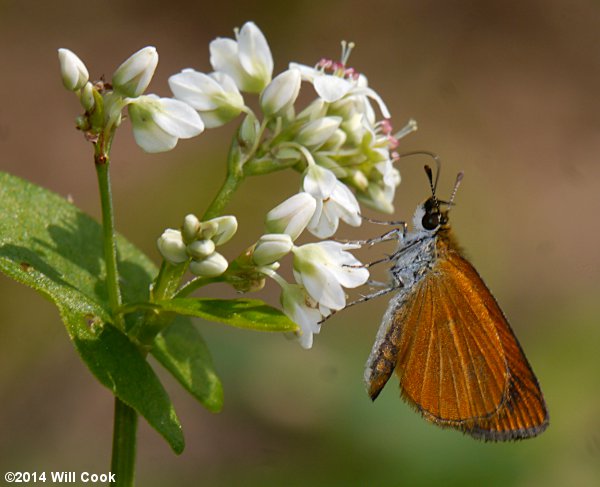 Least Skipper (Ancyloxypha numitor)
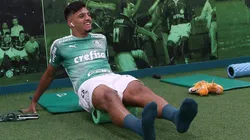 Foto: César Greco/ Palmeiras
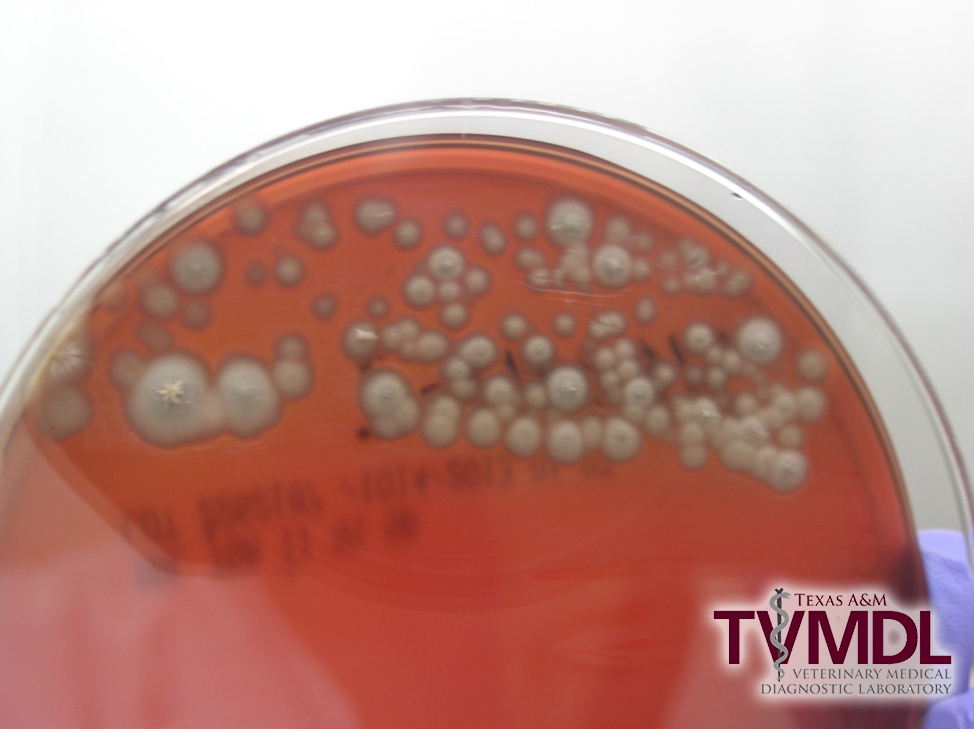 Figure 3. Blood agar plate showing heavy growth of a pure culture of Histoplasma capsulatum.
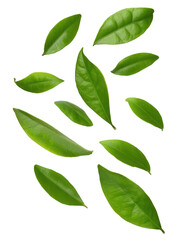 Naklejka premium levitation leaf citrus isolated on white background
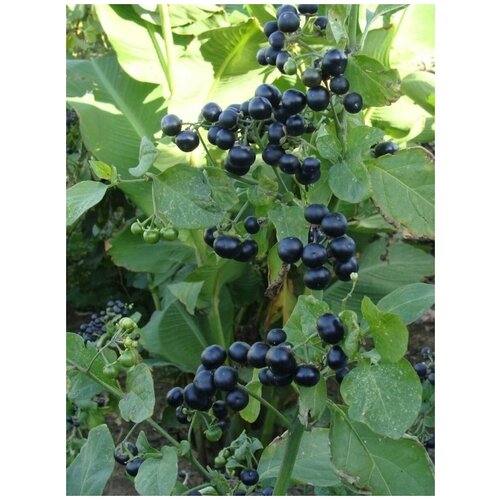 ������ ������ ������ �������� (Solanum retroflexum), 15 ���� ����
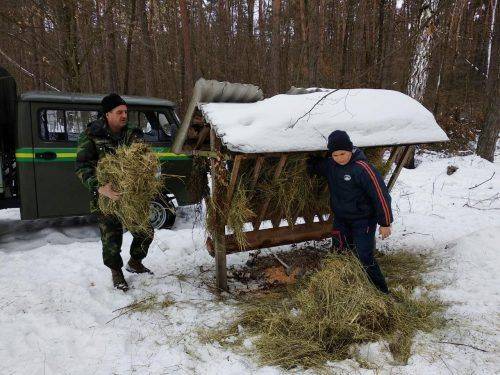 Лісівники Черкащини підгодовують диких тварин (фото)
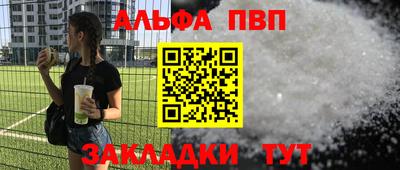хмурый Кингисепп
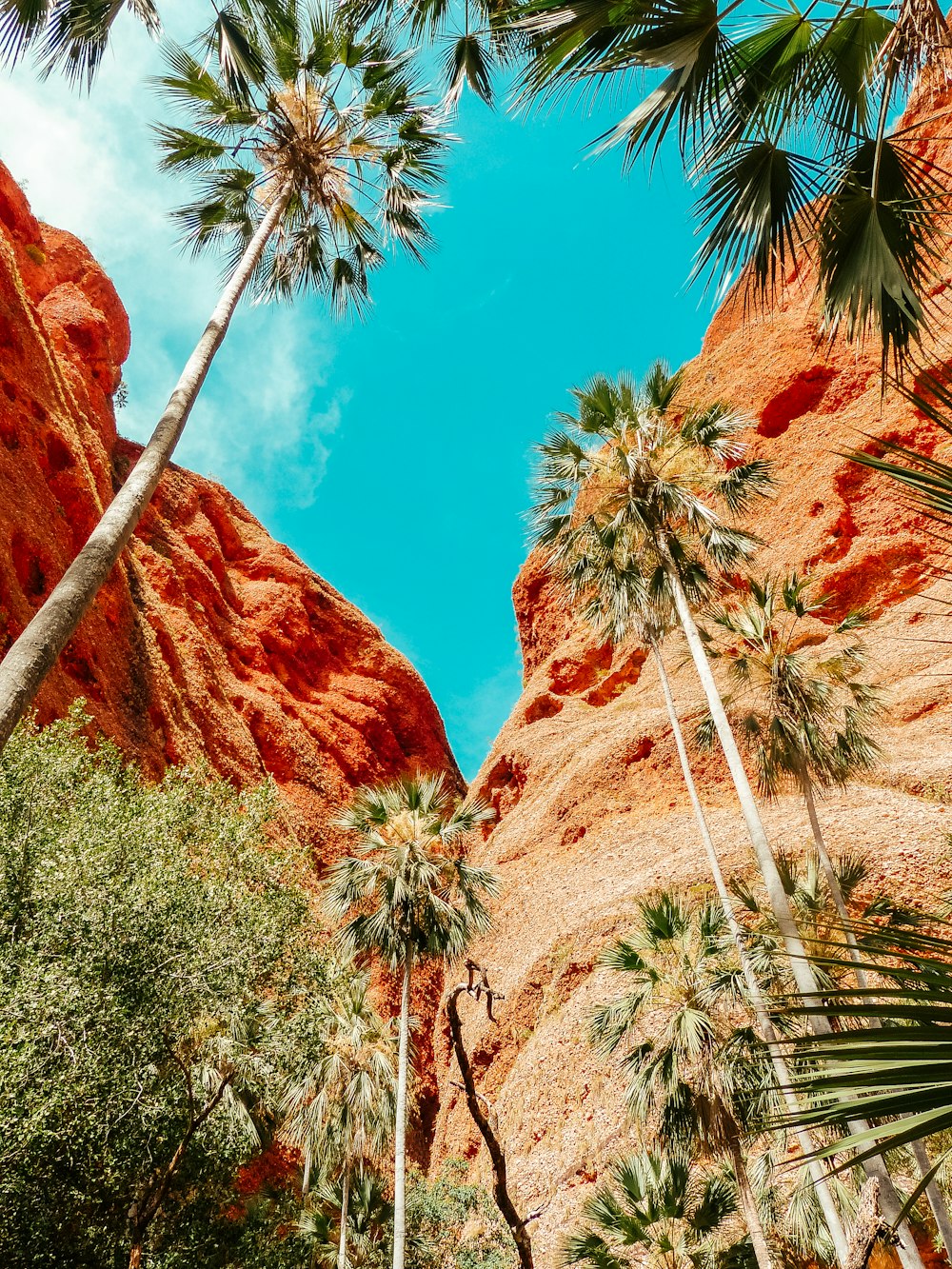 palm trees stand in front of a red rock formation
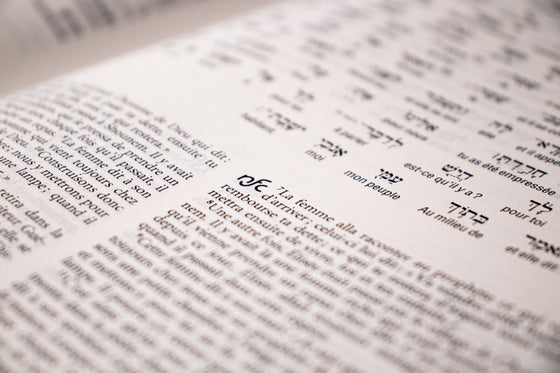 Ancien Testament Interlinéaire hébreu-français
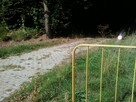 Działka budowlana (2000m2) 20 arów - 4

******************************

Repeat the entries exactly, pictures left out.

» **SOLUTION**
 Least Skipper (Ancyloxypha numitor)
 Foto: César Greco/ Palmeiras
 Figure 3. Blood agar plate showing heavy growth of a pure culture of Histoplasma capsulatum.
 Naklejka premium levitation leaf citrus isolated on white background
 ������ ������ ������ �������� (Solanum retroflexum), 15 ���� ����
 Лісівники Черкащини підгодовують диких тварин (фото)
хмурый Кингисепп
 palm trees stand in front of a red rock formation
 Ancien Testament Interlinéaire hébreu-français
 Działka budowlana (2000m2) 20 arów - 4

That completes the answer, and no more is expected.